● WHAT TO DO: Would you copy out only the lines from the one with "Fellows of a" to the end of the records, exactly as they stand?

● EXERCISE INPUTS:

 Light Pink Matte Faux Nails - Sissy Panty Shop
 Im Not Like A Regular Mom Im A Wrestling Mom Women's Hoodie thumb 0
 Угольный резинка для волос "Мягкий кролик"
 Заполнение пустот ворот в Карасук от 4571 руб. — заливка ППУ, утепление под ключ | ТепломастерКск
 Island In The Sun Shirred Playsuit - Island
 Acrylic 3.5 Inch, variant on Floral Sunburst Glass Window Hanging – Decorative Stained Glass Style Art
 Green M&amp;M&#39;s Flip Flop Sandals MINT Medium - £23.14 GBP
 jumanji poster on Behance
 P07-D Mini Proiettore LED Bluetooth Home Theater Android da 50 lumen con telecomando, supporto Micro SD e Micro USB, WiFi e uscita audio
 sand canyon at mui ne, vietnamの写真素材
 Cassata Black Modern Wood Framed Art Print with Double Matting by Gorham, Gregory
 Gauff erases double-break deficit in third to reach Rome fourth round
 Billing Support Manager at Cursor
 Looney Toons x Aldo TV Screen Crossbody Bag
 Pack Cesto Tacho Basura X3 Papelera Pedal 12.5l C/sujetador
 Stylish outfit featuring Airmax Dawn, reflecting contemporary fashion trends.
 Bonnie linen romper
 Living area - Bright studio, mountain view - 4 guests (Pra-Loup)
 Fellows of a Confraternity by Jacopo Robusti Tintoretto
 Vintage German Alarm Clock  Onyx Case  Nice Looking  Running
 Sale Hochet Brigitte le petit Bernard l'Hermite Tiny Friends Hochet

● ANSWER TO THIS PROBLEM:
 Fellows of a Confraternity by Jacopo Robusti Tintoretto
 Vintage German Alarm Clock  Onyx Case  Nice Looking  Running
 Sale Hochet Brigitte le petit Bernard l'Hermite Tiny Friends Hochet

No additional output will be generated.